Литературные достоинства сочинений Сенеки имеют самостоятельное значение.
Уже в античное время Сенека приобрел репутацию блестящего стилиста
(Quint. X 1,27). Излюбленный жанр Сенеки - паренетическая диатриба,
свободная "беседа" с реальными или воображаемыми слушателями на философские
и околофилософские темы, восходившая к киникам и широко распространенная
в позднеантичные времена. Сенека - ключевая фигура Позднего периода
Стои полностью реализовавшего все главнейшие тенденции учения. Суховатая
доктрина становится нравственно-религиозным учением. Философия
сводится к этике; этика из отвлеченного исследования блага и добродетели
уже окончательно становится средством кристаллизации интимно-личностных
убеждений, концентрации на жизни своего "я".
2. Учение. Философия есть прежде всего искусство жизни: она
учит делать. Главное в жизни - оно же решающий признак мудрости
- не допускать расхождения между словом и делом, всегда оставаться
самим собой (Ер. 20,2). С этим иногда сочетается оценка философии
как своего рода тайного знания для посвященных (Ер. 95,64). Не отвергая
школьного деления философии, Сенека всегда подчеркивал, что чистое
знание - лишь фундамент для здания нравственности (Ер. 88,21 sq.).
Знать важно лишь главное, знание частностей не делает человека лучше.
Это относится не только к специальным вопросам грамматики, но отчасти
даже к геометрии, математике, музыке и истории (Ер. 88,6 sq.; De tr.
an. 9,4; De brev. v. 13). Мудрость - вообще вещь простая и не требует
чрезмерной учености (Ер. 106, 11-12; 117,20). Поэтому Сенека - менее
всего сухой ученый вроде Хрисиппа, и мы не должны ждать от него связности
и последовательности по каждому пункту. Бесполезность многознания
ничуть не мешала ему заниматься специальными вопросами естествознания.
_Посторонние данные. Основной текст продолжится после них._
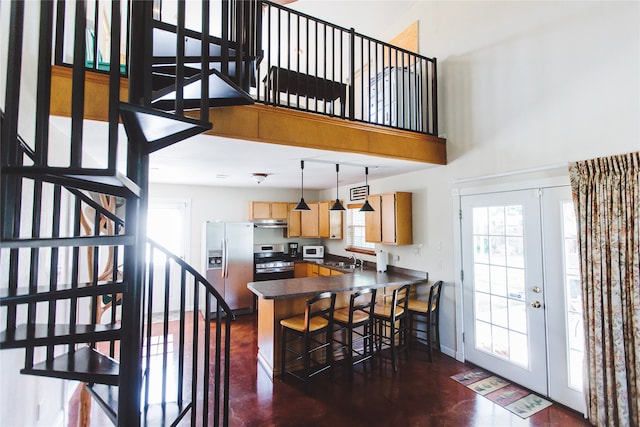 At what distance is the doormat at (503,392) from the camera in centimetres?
275

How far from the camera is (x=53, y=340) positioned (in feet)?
4.09

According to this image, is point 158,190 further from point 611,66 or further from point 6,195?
point 611,66

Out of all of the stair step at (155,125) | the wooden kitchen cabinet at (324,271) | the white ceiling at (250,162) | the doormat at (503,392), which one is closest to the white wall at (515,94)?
Answer: the doormat at (503,392)

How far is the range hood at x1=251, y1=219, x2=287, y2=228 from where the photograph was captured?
6.20m

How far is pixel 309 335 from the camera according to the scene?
10.7 ft

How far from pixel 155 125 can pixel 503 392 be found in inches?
146

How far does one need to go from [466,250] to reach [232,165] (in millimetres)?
3027

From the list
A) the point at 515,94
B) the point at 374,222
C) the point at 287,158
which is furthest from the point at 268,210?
the point at 515,94

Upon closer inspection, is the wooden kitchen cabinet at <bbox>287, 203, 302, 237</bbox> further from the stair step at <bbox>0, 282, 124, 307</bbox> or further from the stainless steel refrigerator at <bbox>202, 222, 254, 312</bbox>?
the stair step at <bbox>0, 282, 124, 307</bbox>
Его колебания подчас отмечены печатью скептицизма. Но скепсис на уровне
методологической установки ему чужд и тождествен худшему из возможных
заблуждений (Ер. 88,43-46). Скорее мы имеем дело с усталостью духа,
которому просто недостает энтузиазма для прокламируемой веры в собственные
догмы (Ер. 71,27-28; 72,9 etc.).
Логика, с которой начинается обучение,- это вспомогательная
дисциплина, трактующая о формальной правильности рассуждения (Ер.
89,9 sq., 17 sq.; 117,2). Главное здесь - избежать опасности превратить
серьезное дело, поиск истины, в игру словами (Ер. 20,2; 49,5-8; 82,9;
88,42). Сама по себе логика Сенеке никогда не была интересна, специальные
ее вопросы - тем более.
Физика необходима постольку, поскольку, не зная устроения космоса,
нельзя понять и самого себя (Nat. qu. I pr. 14; VI 3,2; Ер. 95,10;
65, 23-24). Кроме того, изучение величественных явлений возвышает
душу (Ер. 117,19). Иногда физика ставится даже выше этики (Nat. qu.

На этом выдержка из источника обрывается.